10.        Compte tenu de ce qui précède, les assurances données par M. A______ à l'audience de ce jour sur le fait qu'il est déterminé à quitter ce jour même la Suisse à destination de l'Italie ne sauraient être considérées comme crédibles et ont bien plutôt pur but de servir ses propres intérêts dans la situation où il se trouve. C'est le lieu de préciser qu'en tout état, les autorités suisses ne peuvent laisser M. A______ retourner de son propre chef en Italie, quelle que soit la route qu'il emprunte. En effet, comme dit ci-dessus, la Suisse est liée à l'Italie par une convention qui lui impose d'obtenir préalablement l'accord des autorités de ce pays avant d'y renvoyer une personne disposant à priori d'un droit d'y séjourner. Il n'est donc pas question pour la Suisse de laisser M. A______ retourner en Italie en faisant fi de cette règle, ce d'autant qu'en l'occurrence, le droit de M. A______ de retourner en Italie ne paraît pas clairement établi, vu que son titre de voyage italien arrivait à expiration le 26 septembre 2023. Ce n'est donc que par la réponse des autorités italiennes qu'il pourra être juridiquement déterminé si M. A______ peut être renvoyé dans ce pays.
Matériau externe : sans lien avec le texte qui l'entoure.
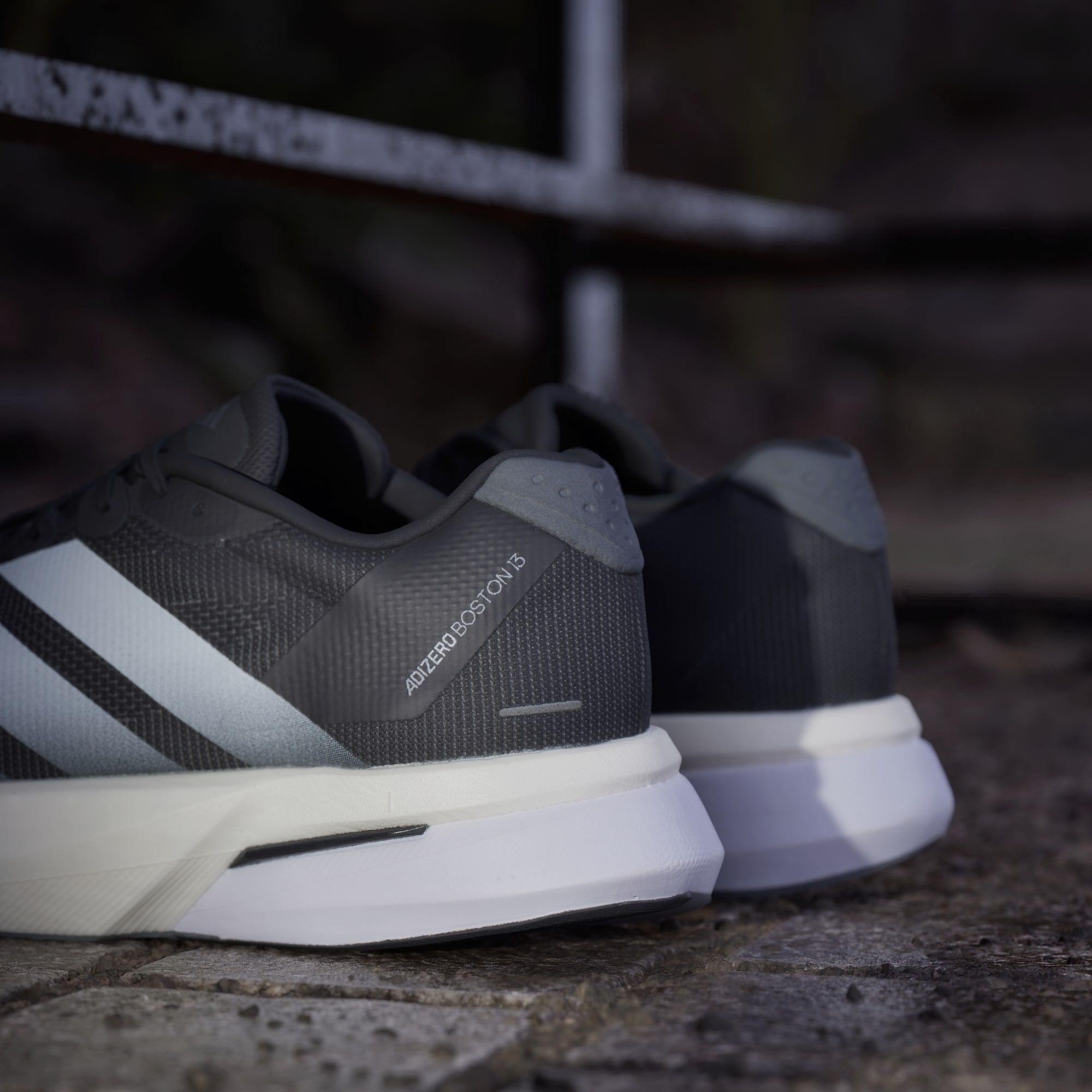  Giày Chạy Bộ Nam ADIDAS Adizero Boston 13 - Core Black/ Ftwr White/ Grey Five 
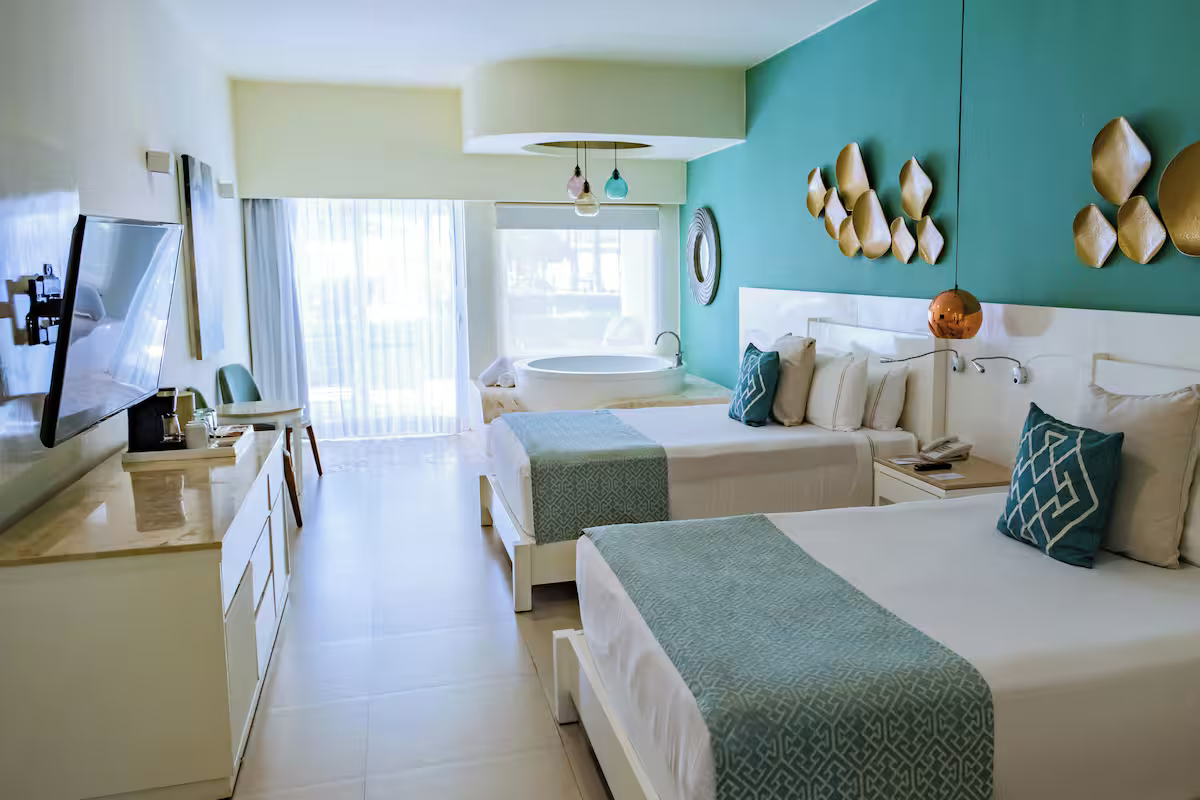 Junior Suite Pool Access
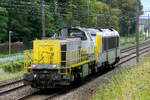 The NMBS 7746 (name: Lima) towing the NMBS 1360 to the service depot in the port of Antwerp. Siemens-Vossloh NMBS serie 77-78 build in 2001 with construction N� 1000963. NMBS Class 77: between 1999 and 2005  170 of these diesel locomotives were build ...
11.        Sous cet angle, sa détention apparaît donc comme proportionnée. Par ailleurs, il n'apparaît pas que les autorités suisses auraient violé leur devoir de diligence en tardant à organiser la réadmission de M. A______ en Italie, puisque la demande adressée aux autorités de ce pays remonte déjà à plusieurs semaines. Contrairement à ce que soutient M. A______, le délai de réponse que les autorités italiennes sont susceptibles de prendre, même s'il va jusqu'à six mois, ne contredit pas l'obligation de diligence des autorités suisses, qui ne sont pas responsables de ce délai.

12.        Quant à la durée de la détention, prononcée pour une durée de deux mois, elle ne paraît pas à priori disproportionnée compte tenu de l'incertitude qui pèse sur le délai dans lequel les autorités italiennes donneront leur réponse sur la réadmission de M. A______.

13.        Au vu de ce qui précède, il y a lieu de confirmer l'ordre de mise en détention administrative de M. A______ pour une durée de deux mois.

14.        Conformément à l'art. 9 al. 6 LaLEtr, le présent jugement sera communiqué à M. A______, à son avocat et au commissaire de police. En vertu des art. 89 al. 2 et 111 al. 2 de la loi sur le Tribunal fédéral du 17 juin 2005 (LTF - RS 173.110), il sera en outre communiqué au SEM.


 

PAR CES MOTIFS

LE TRIBUNAL ADMINISTRATIF

DE PREMIÈRE INSTANCE

1.             confirme l’ordre de mise en détention administrative pris par le commissaire de police le 3 janvier 2024 à 13h45 à l’encontre de Monsieur A______ pour une durée de deux mois, soit jusqu'au 2 mars 2024 inclusivement ;

2.             dit que, conformément aux art. 132 LOJ, 10 al. 1 LaLEtr et 65 LPA, le présent jugement est susceptible de faire l'objet d'un recours auprès de la chambre administrative de la Cour de justice (10 rue de Saint-Léger, case postale 1956, 1211 Genève 1) dans les dix jours à compter de sa notification. L'acte de recours doit être dûment motivé et contenir, sous peine d'irrecevabilité, la désignation du jugement attaqué et les conclusions du recourant. Il doit être accompagné du présent jugement et des autres pièces dont dispose le recourant.

 

Au nom du Tribunal :

Le président

Olivier BINDSCHEDLER TORNARE

 

Copie conforme de ce jugement est communiquée à Monsieur A______, à son avocat, au commissaire de police et au secrétariat d'État aux migrations.